Further complicating the matter, some of the highest polling candidates – DeSantis and Haley – were among those least willing to dive into the muck during the first hour. The moderators repeatedly tried to clear the road for the Florida governor, who was all but absent from the proceedings for the first 15 minutes.
Ramaswamy has fared somewhat better, speaking louder – and faster – than most of his rivals. But even he has gotten bogged down at points when caught between his own talking points and cross-volleys of criticisms from frustrated candidates like Scott.
The moderator group will likely get criticism for losing control of the room within the first half-hour, but even a messy debate tells voters something about the people taking part.
Before the first debate in Milwaukee, a top strategist for a pro-DeSantis super PAC told donors that “79% of the people tonight are going to watch the debate and turn it off after 19 minutes.”
By that measure, the Florida governor managed to first speak Wednesday night just in the nick of time – 16 minutes into the debate. And when he finally spoke, he continued the sharper attacks on the GOP front-runner that he has previewed in recent weeks.
DeSantis equated Trump’s absence in California to Biden, who DeSantis said was “completely missing in action for leadership” on the economy, blaming him for inflation and the autoworkers strike.

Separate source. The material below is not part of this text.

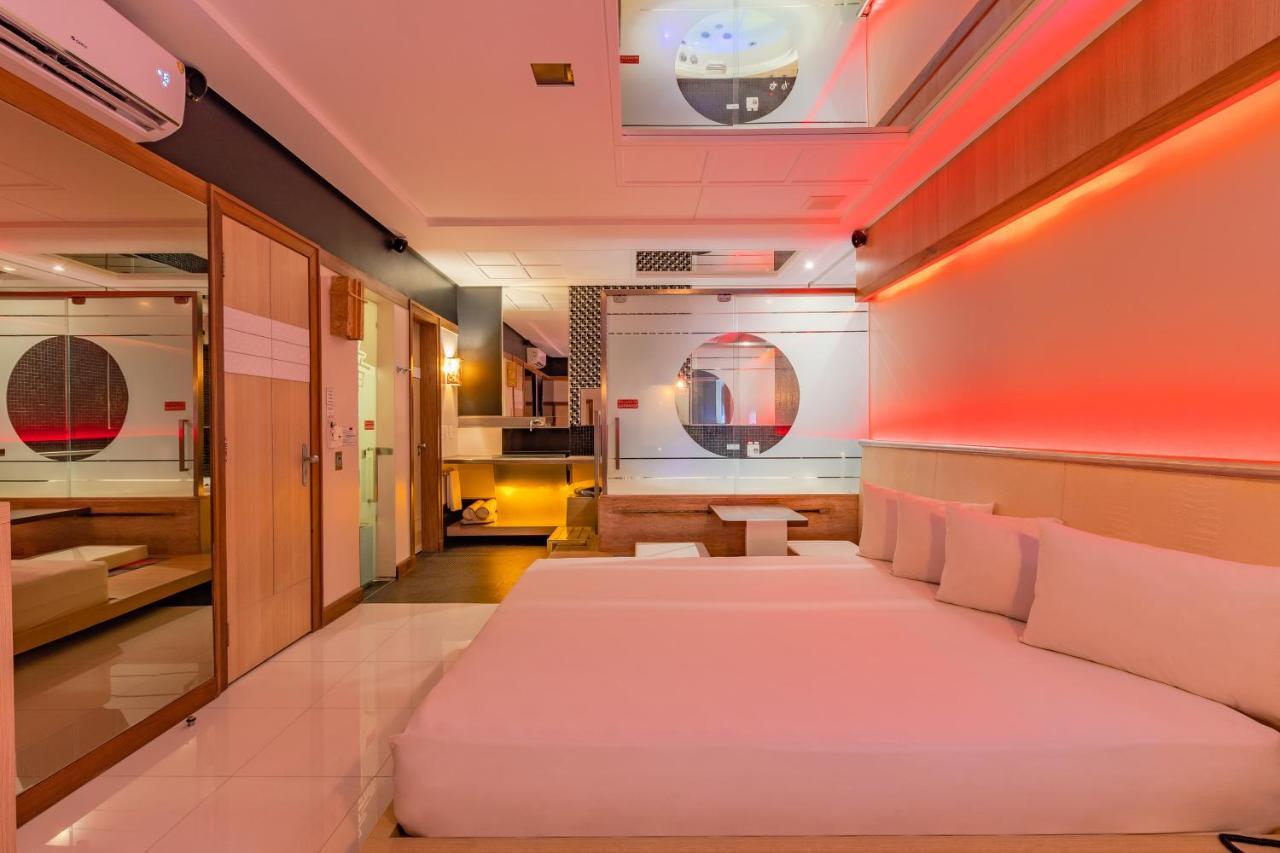 Dragon Motel (Adults Only) Fortaleza  Exterior foto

“And you know who else is missing in action? Donald Trump is missing in action,” DeSantis said. “He should be on this stage tonight. He owes it to you to defend his record.”
DeSantis accused Trump of adding “$7.8 trillion to the debt that set the scene for the inflation that we have.”
By the first commercial break, 35 minutes in, Christie was the only other candidate in the room who had levied any criticism of Trump.
Despite the shot taken at the person not on the stage, DeSantis later chided other candidates for fighting among each other instead of focusing on issues and Biden – one of many exchanges that was largely lost as the candidates talked over each other.
This story has been updated with additional information.